§ **Directions**
Would you print all of the entries exactly, please, but without their pictures?

Short descriptive text snippets
*****

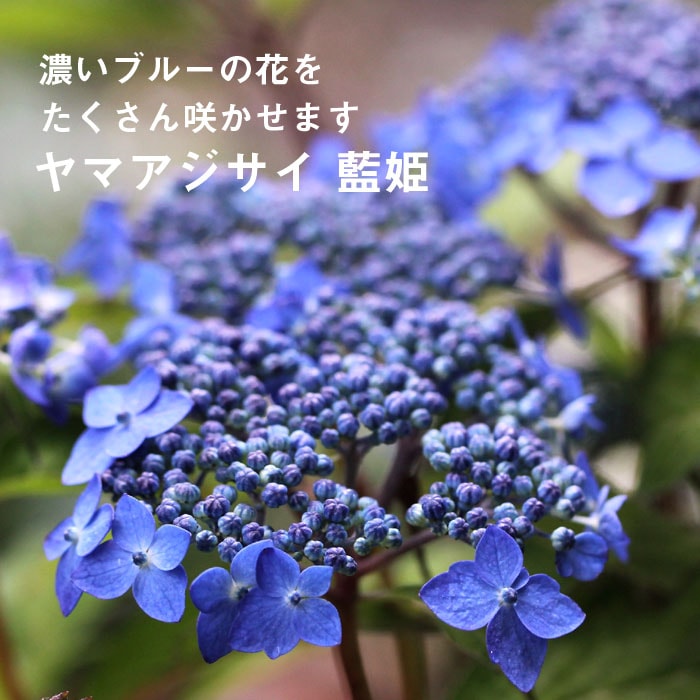 ヤマアジサイ 苗 藍姫 9cmロングポット 山アジサイ 紫陽花 あじさい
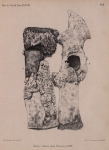 Van Beneden (1870, pl. 2) Van Beneden (1870, pl. 2)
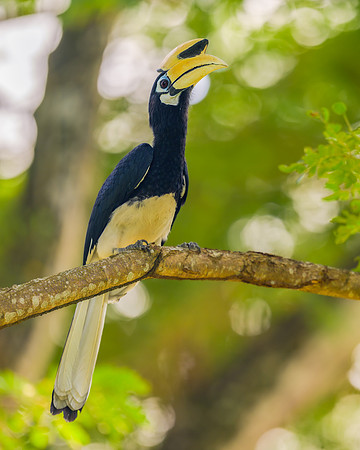 Oriental Pied-Hornbill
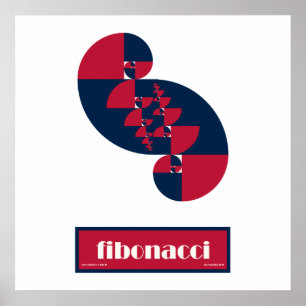Fibonacci Red White e Blue II Large Poster
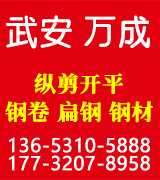 万成纵剪开平 钢卷 扁钢 钢材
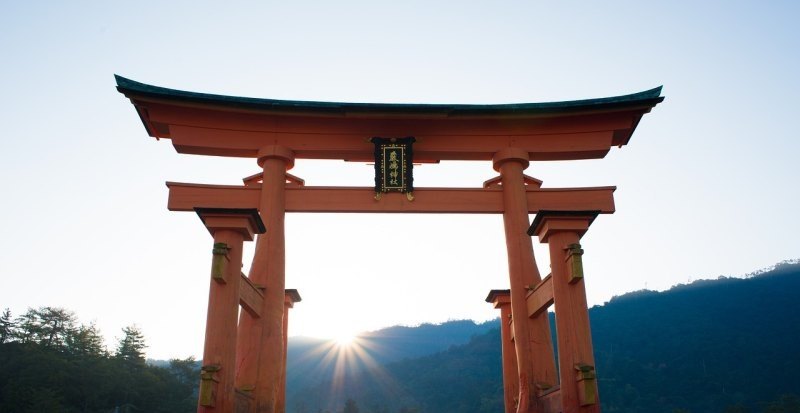 原神神樱任务荒废神社怎么过 原神报废神社攻略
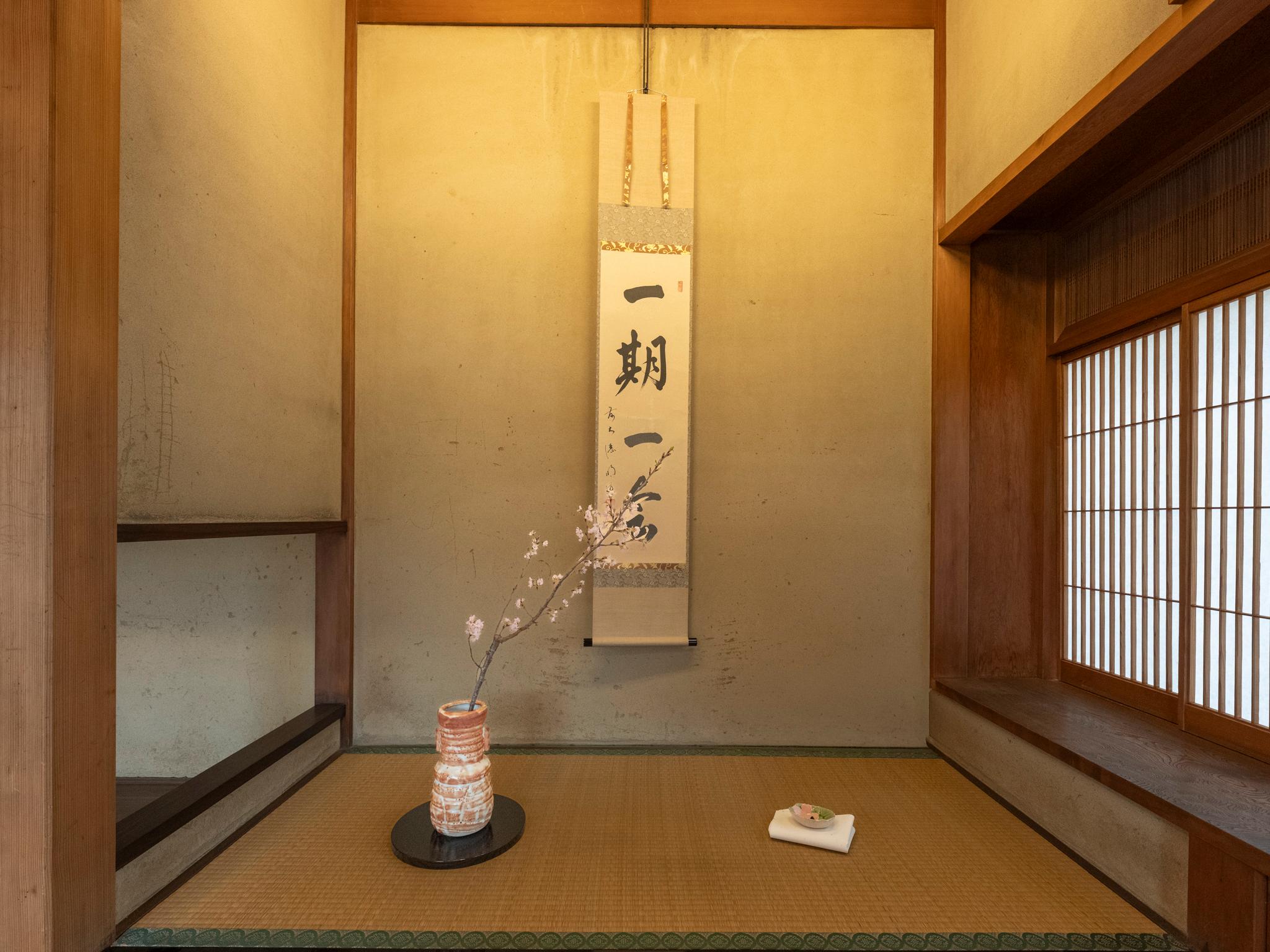Kyoto experience — temples, geisha, bamboo grove — image 10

*****

§ **Expected answer**
 ヤマアジサイ 苗 藍姫 9cmロングポット 山アジサイ 紫陽花 あじさい
 Van Beneden (1870, pl. 2) Van Beneden (1870, pl. 2)
 Oriental Pied-Hornbill
Fibonacci Red White e Blue II Large Poster
 万成纵剪开平 钢卷 扁钢 钢材
 原神神樱任务荒废神社怎么过 原神报废神社攻略
Kyoto experience — temples, geisha, bamboo grove — image 10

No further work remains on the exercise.